A Friendly Town That’s Almost Always by the Ocean
Series: Secrets of Topsea #1
By Kir Fox & M. Shelley Coats
208 pages – ages 9+
Published by Disney Hyperion on April 17, 2018
Synopsis from Publisher- “Welcome to Topsea, the strangest place you’ll ever visit. In this town, the coves are bottomless and the pier has no end in sight. There’s a high tide and a low tide… and a vanishing tide. Dogs are a myth, but mermaids are totally real. And seaweed is the main ingredient in every meal-watch out, it might just start chewing you back!
New kid Davy definitely thinks Topsea is strange. His mom keeps saying they’ll get used to life in their new town-it’s just the way things are on the coast! But after his first day at Topsea School, Davy finds himself wondering: Why is his locker all the way at the bottom of the school swimming pool? Why can’t anyone remember his name? (It’s Davy!) And why does everyone act like all of this is normal?!
Through newspaper articles, stories, surveys, notifications, and more, follow Davy and the rest of Ms. Grimalkin’s fifth grade class through the weird world of Topsea. (Whatever you do, don’t make eye contact with the rubber ducks.)”

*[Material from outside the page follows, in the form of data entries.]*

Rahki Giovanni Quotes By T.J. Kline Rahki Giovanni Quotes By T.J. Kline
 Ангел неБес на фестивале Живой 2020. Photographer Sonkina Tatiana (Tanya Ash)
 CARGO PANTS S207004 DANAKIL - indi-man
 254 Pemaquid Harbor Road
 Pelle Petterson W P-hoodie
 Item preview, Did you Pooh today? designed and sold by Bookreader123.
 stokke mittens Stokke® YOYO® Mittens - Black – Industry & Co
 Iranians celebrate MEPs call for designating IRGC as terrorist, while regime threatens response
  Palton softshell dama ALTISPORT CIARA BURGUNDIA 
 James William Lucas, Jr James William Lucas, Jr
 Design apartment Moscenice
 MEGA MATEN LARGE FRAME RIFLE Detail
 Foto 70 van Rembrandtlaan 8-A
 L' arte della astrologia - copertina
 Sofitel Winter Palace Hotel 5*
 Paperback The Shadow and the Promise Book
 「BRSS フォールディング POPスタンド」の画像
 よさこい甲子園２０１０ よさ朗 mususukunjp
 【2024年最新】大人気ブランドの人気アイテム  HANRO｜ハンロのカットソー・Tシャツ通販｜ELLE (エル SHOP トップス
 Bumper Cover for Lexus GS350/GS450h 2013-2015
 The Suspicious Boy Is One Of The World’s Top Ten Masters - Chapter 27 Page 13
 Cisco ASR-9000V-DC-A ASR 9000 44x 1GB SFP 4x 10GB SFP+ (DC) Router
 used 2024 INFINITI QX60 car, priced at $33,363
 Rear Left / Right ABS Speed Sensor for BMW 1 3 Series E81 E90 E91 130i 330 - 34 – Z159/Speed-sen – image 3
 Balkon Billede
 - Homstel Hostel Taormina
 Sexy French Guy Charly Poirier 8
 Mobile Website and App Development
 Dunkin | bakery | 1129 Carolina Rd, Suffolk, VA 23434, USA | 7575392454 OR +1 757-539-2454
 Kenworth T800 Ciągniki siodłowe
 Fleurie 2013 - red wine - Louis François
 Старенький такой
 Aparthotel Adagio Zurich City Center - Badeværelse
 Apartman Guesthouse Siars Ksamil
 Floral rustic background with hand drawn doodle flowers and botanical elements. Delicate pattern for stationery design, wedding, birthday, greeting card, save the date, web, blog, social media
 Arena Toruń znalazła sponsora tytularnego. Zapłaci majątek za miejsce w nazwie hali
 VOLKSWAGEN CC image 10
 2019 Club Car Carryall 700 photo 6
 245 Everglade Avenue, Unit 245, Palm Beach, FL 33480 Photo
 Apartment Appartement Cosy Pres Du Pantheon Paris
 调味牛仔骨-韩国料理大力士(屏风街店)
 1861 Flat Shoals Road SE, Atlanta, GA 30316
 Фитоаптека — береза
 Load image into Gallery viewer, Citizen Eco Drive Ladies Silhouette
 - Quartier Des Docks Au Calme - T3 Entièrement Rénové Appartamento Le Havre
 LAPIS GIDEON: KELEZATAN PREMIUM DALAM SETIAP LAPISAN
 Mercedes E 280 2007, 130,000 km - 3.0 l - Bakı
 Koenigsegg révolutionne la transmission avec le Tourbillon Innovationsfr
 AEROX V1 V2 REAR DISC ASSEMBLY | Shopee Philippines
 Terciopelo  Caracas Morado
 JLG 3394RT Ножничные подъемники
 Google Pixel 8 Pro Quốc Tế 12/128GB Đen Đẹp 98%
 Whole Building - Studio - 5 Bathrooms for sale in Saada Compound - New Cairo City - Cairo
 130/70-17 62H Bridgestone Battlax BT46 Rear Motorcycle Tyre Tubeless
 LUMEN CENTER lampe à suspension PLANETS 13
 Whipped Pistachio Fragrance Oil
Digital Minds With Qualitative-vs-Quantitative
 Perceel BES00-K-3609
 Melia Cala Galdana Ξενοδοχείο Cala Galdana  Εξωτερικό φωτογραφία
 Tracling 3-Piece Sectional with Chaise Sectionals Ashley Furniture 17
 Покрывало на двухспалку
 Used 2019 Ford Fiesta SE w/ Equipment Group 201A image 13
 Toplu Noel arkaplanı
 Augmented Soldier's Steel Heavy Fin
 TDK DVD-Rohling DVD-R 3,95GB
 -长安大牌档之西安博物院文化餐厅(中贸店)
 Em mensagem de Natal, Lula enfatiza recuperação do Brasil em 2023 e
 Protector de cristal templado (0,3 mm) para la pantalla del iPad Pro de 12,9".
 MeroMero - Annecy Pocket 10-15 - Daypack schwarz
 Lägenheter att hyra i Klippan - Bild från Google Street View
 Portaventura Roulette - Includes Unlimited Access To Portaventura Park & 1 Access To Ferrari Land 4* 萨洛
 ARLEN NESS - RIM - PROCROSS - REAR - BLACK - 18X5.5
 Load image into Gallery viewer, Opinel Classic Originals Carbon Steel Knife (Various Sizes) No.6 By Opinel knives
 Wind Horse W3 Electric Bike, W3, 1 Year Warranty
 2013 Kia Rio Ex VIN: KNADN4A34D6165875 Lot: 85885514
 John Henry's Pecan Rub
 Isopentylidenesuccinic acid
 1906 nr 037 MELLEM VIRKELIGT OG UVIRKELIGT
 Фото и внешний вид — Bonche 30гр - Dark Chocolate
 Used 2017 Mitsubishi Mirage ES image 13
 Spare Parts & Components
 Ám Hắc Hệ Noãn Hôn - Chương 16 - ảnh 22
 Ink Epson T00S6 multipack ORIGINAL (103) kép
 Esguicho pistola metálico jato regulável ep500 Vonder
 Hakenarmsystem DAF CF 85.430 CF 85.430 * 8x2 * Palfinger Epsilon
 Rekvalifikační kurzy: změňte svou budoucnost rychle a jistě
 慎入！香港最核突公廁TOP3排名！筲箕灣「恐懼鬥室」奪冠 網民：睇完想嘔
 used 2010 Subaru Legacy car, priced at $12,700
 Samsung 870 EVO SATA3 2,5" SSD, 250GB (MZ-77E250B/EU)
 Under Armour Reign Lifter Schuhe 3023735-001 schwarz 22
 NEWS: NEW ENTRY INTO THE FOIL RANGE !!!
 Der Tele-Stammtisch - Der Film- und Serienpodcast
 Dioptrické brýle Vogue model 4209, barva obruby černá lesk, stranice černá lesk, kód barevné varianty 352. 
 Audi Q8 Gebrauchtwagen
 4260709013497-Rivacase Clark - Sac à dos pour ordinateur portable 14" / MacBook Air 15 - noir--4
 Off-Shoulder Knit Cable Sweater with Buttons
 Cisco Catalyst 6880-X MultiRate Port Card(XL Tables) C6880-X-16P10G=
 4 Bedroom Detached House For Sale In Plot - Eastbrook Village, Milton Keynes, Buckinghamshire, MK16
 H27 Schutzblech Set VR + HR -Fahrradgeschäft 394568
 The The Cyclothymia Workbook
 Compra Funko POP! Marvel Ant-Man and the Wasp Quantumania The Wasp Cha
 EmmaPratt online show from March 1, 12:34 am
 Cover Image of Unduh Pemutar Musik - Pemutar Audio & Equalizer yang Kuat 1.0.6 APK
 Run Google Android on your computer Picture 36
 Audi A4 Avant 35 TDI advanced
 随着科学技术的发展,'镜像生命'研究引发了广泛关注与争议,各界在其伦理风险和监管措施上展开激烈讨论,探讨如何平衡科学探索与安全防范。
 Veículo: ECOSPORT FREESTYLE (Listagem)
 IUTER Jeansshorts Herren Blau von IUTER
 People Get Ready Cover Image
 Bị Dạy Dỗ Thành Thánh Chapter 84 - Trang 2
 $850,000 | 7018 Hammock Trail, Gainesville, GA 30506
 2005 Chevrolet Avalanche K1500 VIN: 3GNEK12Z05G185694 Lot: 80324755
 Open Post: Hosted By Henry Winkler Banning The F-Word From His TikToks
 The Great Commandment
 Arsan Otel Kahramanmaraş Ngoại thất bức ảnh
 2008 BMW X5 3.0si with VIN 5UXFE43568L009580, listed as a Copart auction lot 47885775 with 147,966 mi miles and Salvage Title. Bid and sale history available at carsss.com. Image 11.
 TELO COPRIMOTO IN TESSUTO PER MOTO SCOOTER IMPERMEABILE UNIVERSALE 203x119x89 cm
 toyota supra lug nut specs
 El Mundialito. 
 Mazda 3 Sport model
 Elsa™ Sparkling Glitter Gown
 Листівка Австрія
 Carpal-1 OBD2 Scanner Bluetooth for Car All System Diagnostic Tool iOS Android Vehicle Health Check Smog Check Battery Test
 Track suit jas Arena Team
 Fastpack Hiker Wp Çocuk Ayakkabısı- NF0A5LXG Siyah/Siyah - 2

What I Thought- This was a really fun book to read – I love how it’s set up, with the chapters told from the different kids’ perspectives. I thought it was unique that about 6-ish characters have their own spotlight and their own voice that’s different from any of the others – which I imagine is difficult to keep track of. One of the things I liked was that Topsea is an odd place, and the characters who live there know the answers to some of the questions the readers may have – but when it’s their turn to narrate a chapter, they don’t spoil the joy of the reader figuring things out through the plot line. The authors have really got that skill down pat, making the book mysterious and enthralling. The setting, the ocean-side town of Topsea, is a bit strange, with things that happen that aren’t quite explained by the end of the book. I enjoyed this, as it creates a sense of intrigue and wonder for the story, and even for the next book in the series. There are some really nice black-and-white illustrations scattered throughout the book that made things a bit easier to understand, emphasizing the wacky-ness of the setting and the characters. The book has a bunch of little details and subplots that really help to create the world the characters live in, fleshing it out into an enjoyable, believable place. I also liked how, in between the chapters, there were bulletins, notices, flyers, and school newspaper articles that added humor and even a little amount of backstory towards the happenings of the plot. I really recommend this as an engaging book for both reluctant readers and those who love a good story!
I give this book five out of five bookworms!